How to make predictions

  • Anyone can make predictions.

    – Data scientists use data to inform their predictions by using the information learned from the sample to make predictions for the whole population.

  • In this lab, we'll learn how to make predictions by finding the line of best fit.

    – You will also learn how to use the information from one variable to make predictions about another variable.

Predicting heights

  • (1) Write and run code using the data() function to load the arm_span data.

  • This data comes from a sample of 90 people in the Los Angeles area.

    – The measurements of height and armspan are in inches.

    – A person's armspan is the maximum distance between their fingertips when they spread their arms out wide.

  • (2) Write and run code making a plot of the height variable.

    (3) If you had to predict the height of someone in the Los Angeles area, what single height would you choose and why?

    (4) Would you describe this as a good guess? What might you try to improve your predictions?

Predicting heights knowing arm spans

  • (5) Write and run code creating two subsets of our arm_span data:

    – One for armspan >= 61 and armspan <= 63.

    – A second for armspan >= 64 and armspan <= 66.

  • (6) Write and run code creating a histogram for the height of people in each subset.

  • Answer the following based on the data:

    (7) What height would you predict if you knew a person had an armspan around 62 inches?

    (8) What height would you predict if you knew a person had an armspan around 65 inches?

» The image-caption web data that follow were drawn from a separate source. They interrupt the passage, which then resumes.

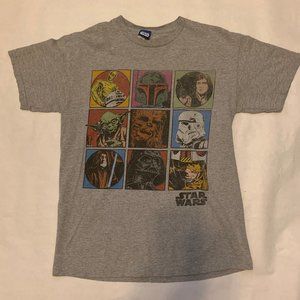 Vintage Star wars T-SHIRT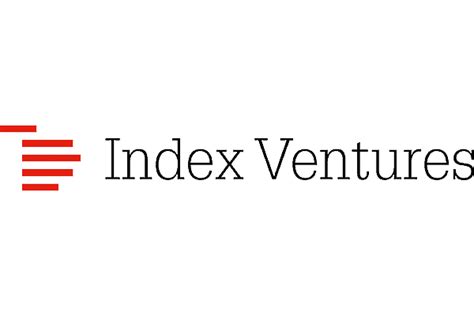 Index Ventures logo landscape transparent PNG - StickPNG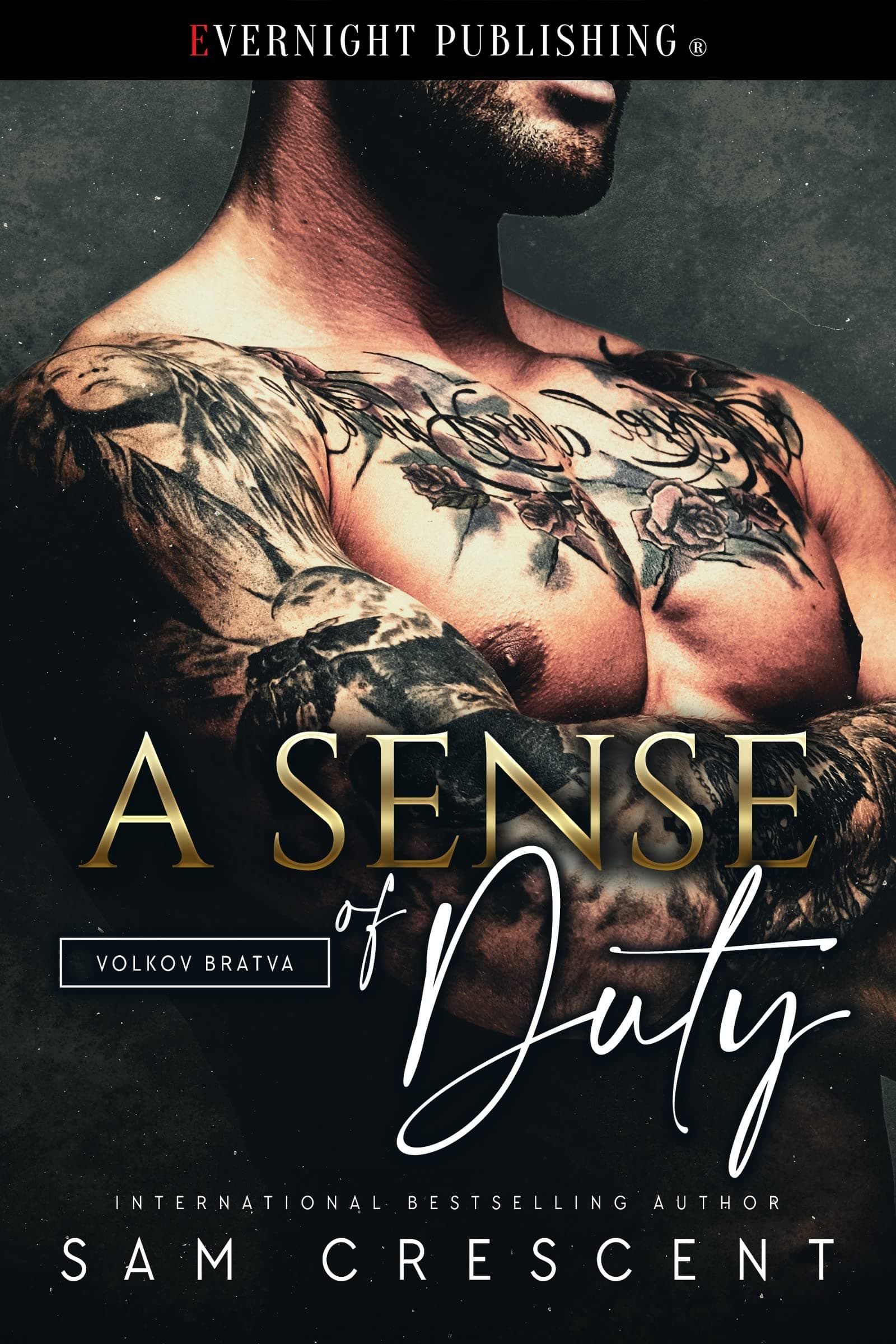 A Sense of Duty book cover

    (9) Does knowing someone's armspan help you predict their height? Why or why not?

Fitting lines

  • Notice that there is a trend that people with a larger armspan also tend to have a larger mean height.

    – One way of describing this sort of trend is with a line.

  • Data scientists often fit lines to their data to make predictions.

    – What we mean by fit is to come up with a line that's close to as many of the data points as possible.

  • (10) Write and run code creating a scatterplot for height and armspan. Then run the following code.

    add_line()
    
  • On the Plot pane, click two data points to draw a line through.

  • NOTE: Watch the following video if you are experiencing difficulties obtaining your line https://youtu.be/pGqXHGhhwJ8

  • If you are unsuccessful using the add_line() function, refer to the next slide to learn how to use the get_line() function.

get_line()

  • The get_line() function does not rely on clicking on the scatterplot to choose points, but rather on you providing the points manually.

  • For example, let's say you want to obtain the equation of the line that passes through the points (59,60) and (68,67). This is how you would use the get_line() function:

    get_line(c(59,60), c(68,67))
    
    ##      intercept       slope
    ##     14.1111111   0.7777778
    
  • Notice the output is the y-intercept and the slope of your line.

  • Now you can use the add_line() function to include the line in your scatterplot.

    add_line(intercept = 14.1111111, slope = 0.7777778)
    
  • If your line doesn't quite fit the way you want it, try another ordered pair or make modifications to the existing equation.

Predicting with lines

  • (11) Draw a line that you think is a good fit and write down its equation.

  • (12) Using your equation: Predict how tall a person with a 62-inch armspan and a person with a 65-inch armspan would be.

  • Using a line to make predictions also lets us make predictions for armspans that aren't in our data.

    (13) How tall would you predict a person with a 63.5-inch armspan to be?

    (14) Compare your answers with a neighbor. Did both of you come up with the same equation for a line? If not, can you tell which line fits the data best?